The shepherd who discovers that one of his sheep is missing, does not look carelessly upon the flock that is safely housed and say, “I have ninety and nine, and it will cost me too much trouble to go in search of the straying one. Let him come back, and I will open the door of the sheepfold and let him in.” No, no sooner does the sheep go astray than the shepherd is filled with grief and anxiety. He counts and recounts the flock… He leaves the ninety and nine within the fold, and goes in search of the straying sheep… At last his effort is rewarded; the lost is found… The parable does not speak of failure, but of success, and joy in the recovery. Here is the divine guarantee that not even one of the straying sheep of God’s fold is overlooked, not one is left unsecured. Every one that will submit to be ransomed, Christ will rescue from the pit of corruption, and from the briers of sin.—Christ’s Object Lessons, pp. 187, 188

E. G. White, With God At Dawn, p. 36

The parable of the straying sheep should be treasured as a motto in every household.  The divine Shepherd leaves the ninety and nine, and goes out into the wilderness to seek the one that is lost. There are thickets, quagmires, and dangerous crevices in the rocks, and the shepherd knows that if the sheep is in any of these places, a friendly hand must help it out.  As he hears its bleating afar off, he encounters any and every difficulty that he may save his sheep that is lost. When he discovers the lost one, he does not greet it with reproaches.  He is only glad that he has found it alive.  With firm yet gentle hands he parts the briers, or takes it from the mire; tenderly he lifts it on his shoulders, and bears it back to the fold.  The pure, sinless Redeemer bears the sinful, the unclean.

The Shepherd carries the befouled sheep, yet so precious is his burden that he rejoices, singing, “I have found my sheep which was lost.”  Let every one of you consider that your individual self has thus been borne upon Christ’s shoulders.  Let none entertain a masterly spirit, a self-righteous, criticizing spirit; for not one sheep would ever have entered the fold if the Shepherd had not undertaken the painful search in the desert.  The fact that one sheep was lost was enough to awaken the sympathy of the Shepherd, and start him on his quest.
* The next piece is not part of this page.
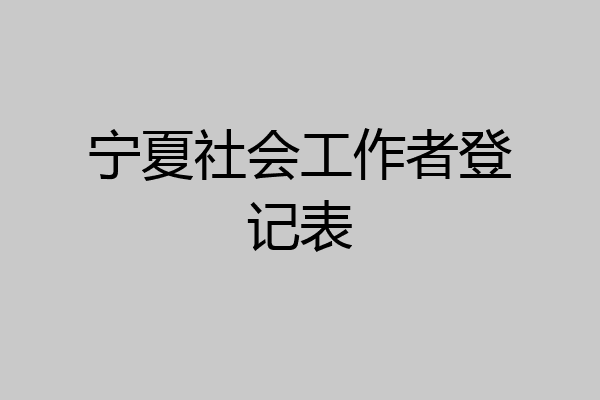 宁夏社会工作者登记表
This speck of a world was the scene of the incarnation and suffering of the Son of God.  Christ did not go to worlds unfallen, but he came to this world, all seared and marred with the curse.  The outlook was not favorable, but most discouraging.  Yet “he shall not fail nor be discouraged, till he have set judgement in the earth.”  We must bear in mind the great joy manifested by the Shepherd at the recovery of the lost.  He calls upon his neighbors, “Rejoice with me; for I have found my sheep which was lost.” And all heaven echoes the note of joy.  The Father himself joys over the rescued one with singing.  What a holy ecstasy of joy is expressed in this parable!  That joy it is your privilege to share.